Exercise directions
Return the stretch from the line with "Ted Baker Black" through the line with "Łóżko dziecięce 160x80" in the data below, character for character, skipping all pictures.

Records
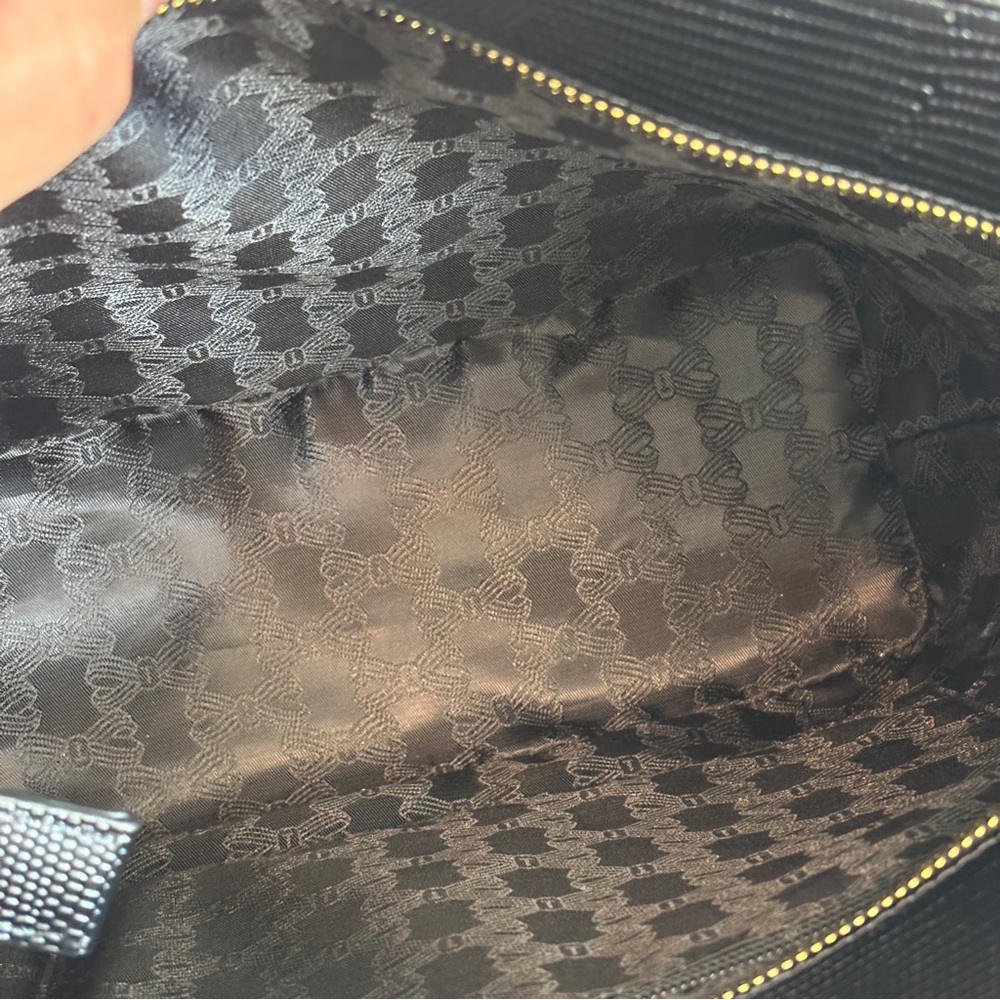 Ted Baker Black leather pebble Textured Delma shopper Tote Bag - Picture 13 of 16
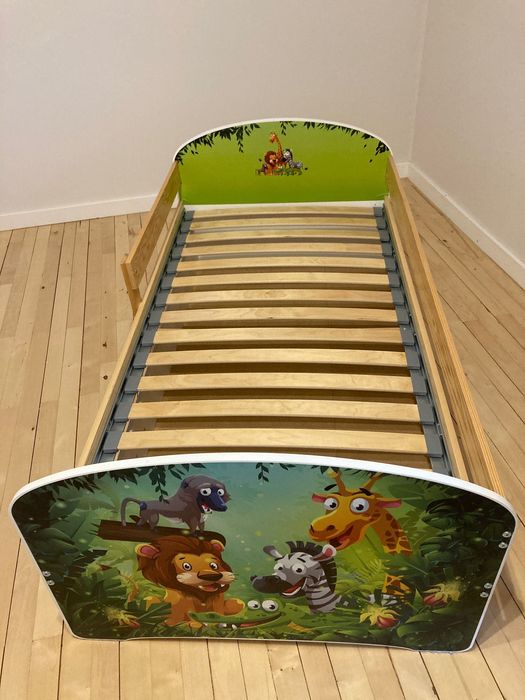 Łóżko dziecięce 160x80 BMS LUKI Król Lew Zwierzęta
---
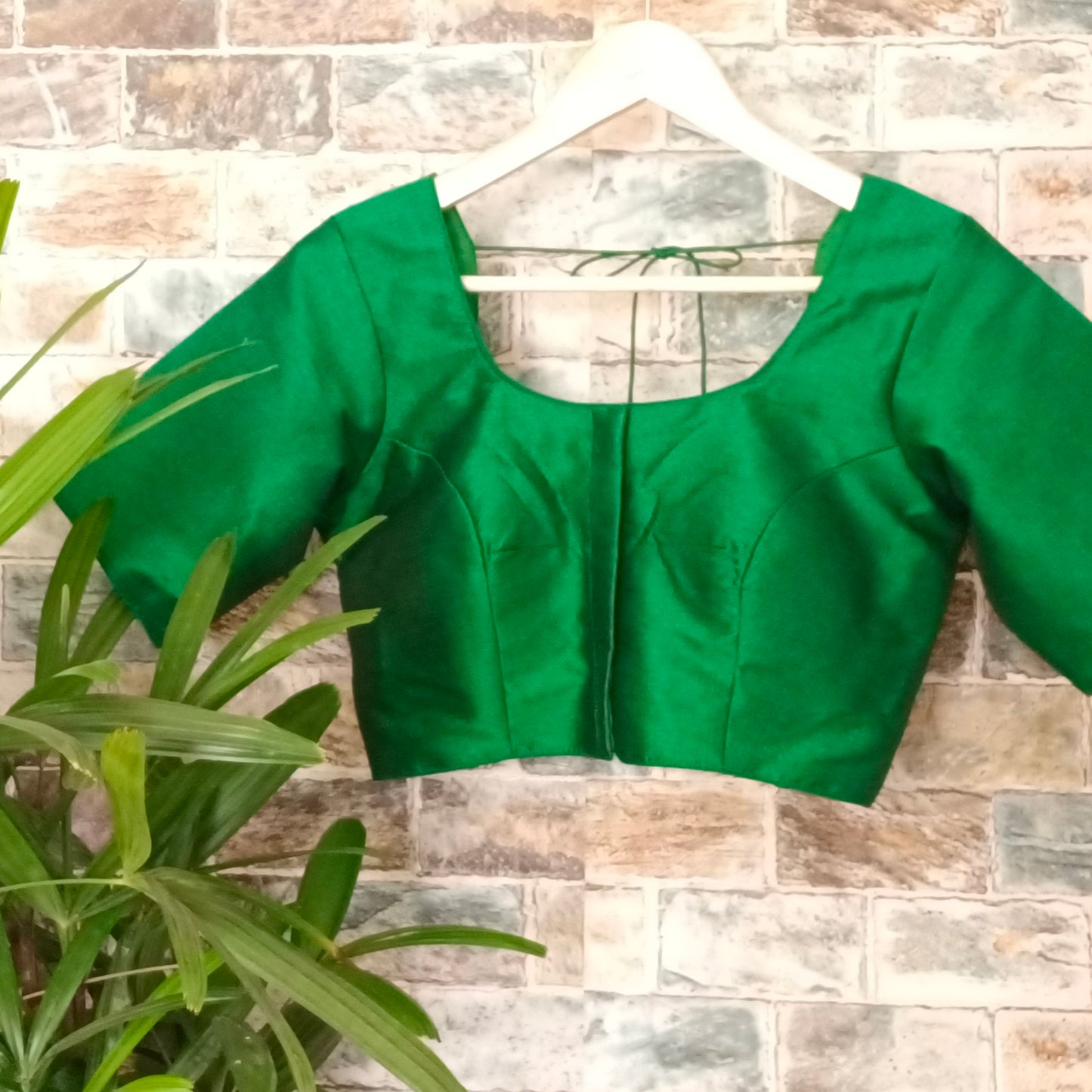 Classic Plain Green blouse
* * *
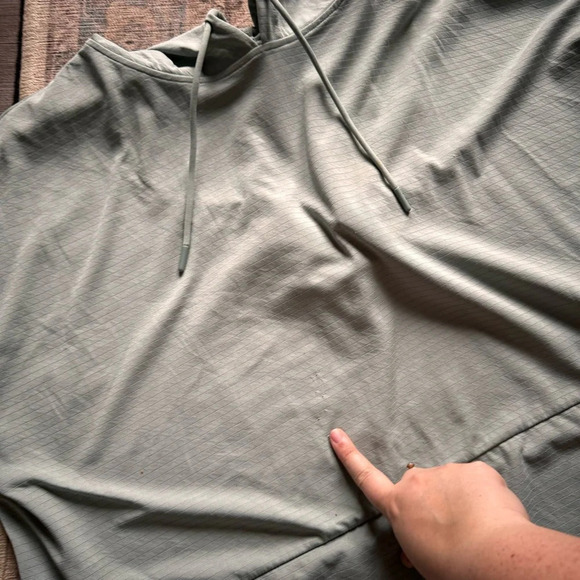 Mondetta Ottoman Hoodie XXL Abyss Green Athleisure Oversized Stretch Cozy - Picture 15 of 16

Expected answer
 Ted Baker Black leather pebble Textured Delma shopper Tote Bag - Picture 13 of 16
 Łóżko dziecięce 160x80 BMS LUKI Król Lew Zwierzęta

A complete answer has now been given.